Of course the one he pushed so hard for so long that I and some others of us bashed him for repeatedly was indeed his constant refrain to cut Social Security benefits, with a final swing at this in general terms in this final column: "From 2010 to 2030, the elderly's share of the population (65 and over) is projected to rise from 13 percent to 20 percent. Spending on Social Security and Medicare will skyrocket, and already is. Yet we have done little to prevent spending on the elderly from squeezing the rest of the federal budget."  So, there we are; it is Monday and yet again, if for the last time, Robert J. (not related to Paul A.) Samuelson is calling for cuts in Social Security benefits!

Of course this statement took its more general form, throwing Social Security and Medicare in together.  I must grant that this time he left them together and did not pull Social Security out separately as he did so many times in the past.  But this was an old trick: point at rising trends in spending in both, which we know are much more due to rising Medicare costs, which are driven heavily by longterm rising medical care costs in general, but then he would pivot to focus on calling for cuts in Social Security benefits.  This seem to reflect an old view that "nothing can be done about medical care politically" (despite Obama passing the ACA with much effort), but that somehow a compromise was politically possible on Social Security, reflecting a memory of Reagan and Tip O'Neill cutting one in 1983 with the Greenspan Commission, which raised taxes and cut benefits for Social Security.  The idea that another round of this was needed was pushed by Bill Clinton in the 90s, and several bipartisan commissions were formed to pull it off, but somehow they all ran into political problems. It became this established delusion in various VSP circles that such a deal should be made, and it has remained entrenched on the WaPo ed page with Fred Hiatt and others, not just RJS. 

I must note that while I beat up on him relentlessly over this matter, I have done so less in the last few years.  It is not that he changed his mind, but he wrote about it much less.  He noted in this final column that he is "repelled" by Trump, and so I found myself much more frequently agreeing with him as he would criticize Trump economic policies ranging from his "help the rich" tax cuts through his trade protectionism to his awful environmental policies.  He would occasionally reprise these old views to maintain his independence, but much more of this attention was focused on the Trump policies.

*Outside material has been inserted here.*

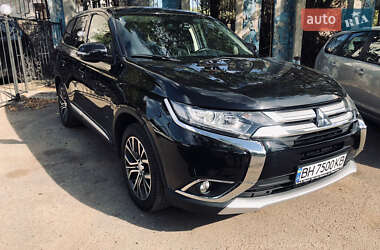 Позашляховик / Кросовер Mitsubishi Outlander 2017 в Одесі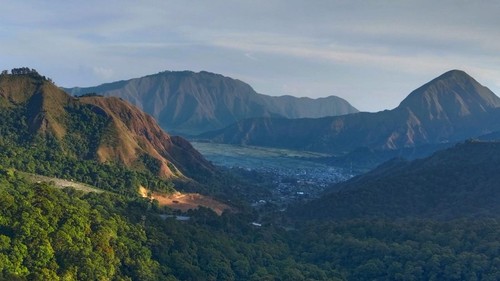 Pemandangan bukit di Kecamatan Sembalun, Lombok Timur, NTB, Rabu (7/1/2026). (Sanusi Ardi W/detikBali)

A final point he made that has me thinking personally is that a reason he gave for retiring now, even as so much is going on, is his feeling of being "a man of the 20th century, but we are now facing the problems of the 21st century, which demand new policies and norms."  This may well be a major factor for him, with indeed his views on Social Security really seeming left over from the 1990s.  As he is just a few years older than I am, it makes me think that the same could be said of me, perhaps.  But I did see the housing bubble and the Great Recession.  I think I shall stick around for some more time.

*Regarding people related to the late Paul A. Samuelson or not but with the same name commenting on economics, it should be noted that Paul's son, William F. Samuelson, is fairly respectable economist who has published on risk and auctions and some other topics, now an emeritus prof from the Management Dept. at Boston University.  He does not share the last name, but the prolific and prominent Lawrence Summers is Paul Samuelson's nephew.  There is also a non-relative, Larry Samuelson, a highly respected evolutionary game theorist at Yale University. In any case, Robert J. Samuelson is neither related to Paul A., nor has he been an economist, although he is probably a better non-economist economist than some others who pose as one, such as say Larry Kudlow.